Take someone with you
There is no need to go to see a potential car on your own, especially if you are quite nervous about the process. It is quite easy to get quite flustered or forget details that you want to check. Taking someone with you can give you reassurance in how you find out about the car and make your decision on purchasing it. If you have nobody to go with you, you may be better off going to an authorised used car dealer. Sticking to a main dealer in your area will mean that you are less likely to get ripped off. However, this can mean that you get less car for your money.
Know your budget
Knowing how much you can afford to spend on a car is a major part of buying a car. There is a vast chasm between each end of the costs of cars, but for the most part first time drivers start off with a used car. It could be that you have saved up, or borrow a lump sum of money to buy your car, and it is important to stick to this budget where possible. Sometimes you can look at cars that are slightly above your budget, with a view to haggling. The Parkers website is a good neutral resource where you can check what the insurance group of potential cars are.

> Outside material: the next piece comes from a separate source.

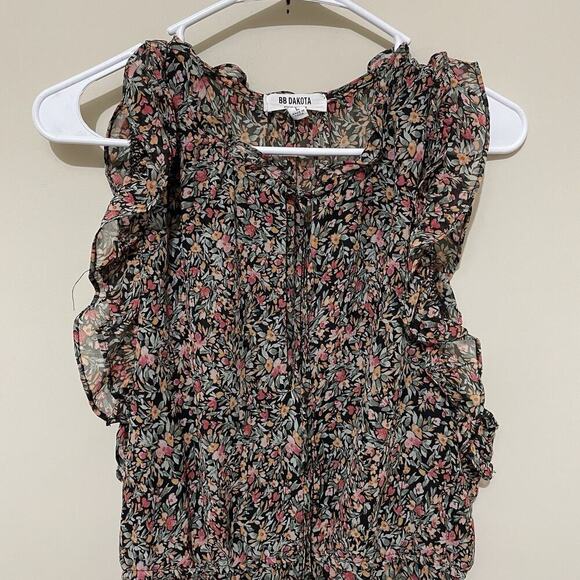 BB Dakota Women’s Size L Floral Chiffon Ditsy Midi Maxi Dress Romantic Boho - Picture 3 of 7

Can you afford the running costs?
Buying a car is just one part of the expense, and your choice of car can make a massive difference to the running costs. Insurance is going to be a huge consideration; especially as a new driver. New driver’s insurance attracts a larger premium because of the higher risk of accidents. You can and should check what insurance group the car you are looking to buy is before you buy it. Did you know, that you could spend thousands of pounds per year for some cars. Some insurers will refuse to offer a policy for new drivers who want to drive some types of cars, especially performance ones because the risk is just too high.
Other costs can include servicing and fuel costs. Simple things like the tyres can easily cost you in excess of £100 per tyre, sometimes much more for some cars. At the opposite side of the scale, many smaller cars can have tyres that cost almost half that. Fuel efficiency is another large factor. You have to realise that any quoted figure will be higher than your general day to day fuel efficiency. Often these figures are gained during optimum, low load speeds for long amounts of time. The last thing you want to do is to have to resort to borrow money from family, friends or even need to use payday loans or short term finance to pay for fuel or to replace a tyre just to be able to run your car.
Is it mechanically sound?
The final thing, is how mechanically sound is the car you are looking at? It is riskier to buy a car that has a small amount of MOT remaining, as this increases the chance that there is work needed to make the car roadworthy. If a car has a full MOT certificate, it means that the car has recently been inspected and judged to be safe. If you aren’t car savvy, getting someone to go with you to look at the car should be a must. You can also pay the AA to inspect a car before you buy it.
Hopefully these tips help you make the right choice with buying your first car. Enjoy your new-found freedom, and life on the road!